In games i have no problem, why dou you think?

thx (sory for my english, i'm from Argentina)

Christian

I start the same topic, but i think it was in the wrong section

http://forums.techpowerup.com/showthread.php?t=1335


----------



## zealot`grr (Nov 20, 2004)

hi, did you try to test only for artifacts without overclocking?


----------



## angelus (Nov 20, 2004)

look in the title (Stock speed)

Hmmm  looks like ATItool have some problems with MSI VGA cards?

because i have the same problem with my:

MSI x800 XT PE also on STOCK speed  alot artifacts with atitool, but with serious over clocking 590/570 stock(520/560) there are no artifact with 4 hour playing HL2 at 1024x768 evreything HIGHEST and 4x AA with 16x AF, and thats weird  Also happy because i thought that the problem was my card in the first place..... quess not then 

so i'm kinda happy with my own  OC atm...

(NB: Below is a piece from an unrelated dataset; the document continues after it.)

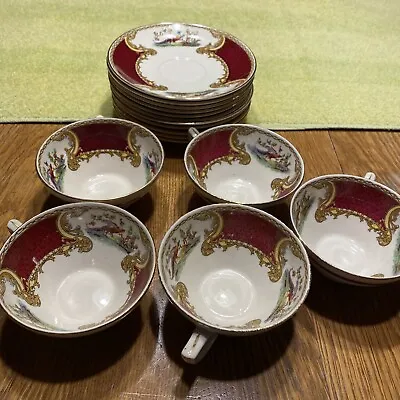 Royal Crown Myott Staffordshire ‘Chelsea Bird’ Red 5  Cups And 11 Saucers. • $35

I dont think it's your card mate, but the program that does not supporte it.. somehow
But thats what i think, i have no idea if that are the facts...


----------



## acrowley23 (Nov 21, 2004)

i also get sometimes Artifacts and Errors at Stock on my x800...but only with new scanning method...old works 100% right..


----------



## zealot`grr (Nov 21, 2004)

ah, was confused by him mentioning "find max core / mem"


----------



## angelus (Nov 21, 2004)

acrowley23 the old scanning methode will crash my x800 xt pe card ...
so thats not an option for me


----------



## chriskindom (Nov 21, 2004)

Someone, told me, that maybe is a problem with my power supply, because the MSI use direct power from there.


----------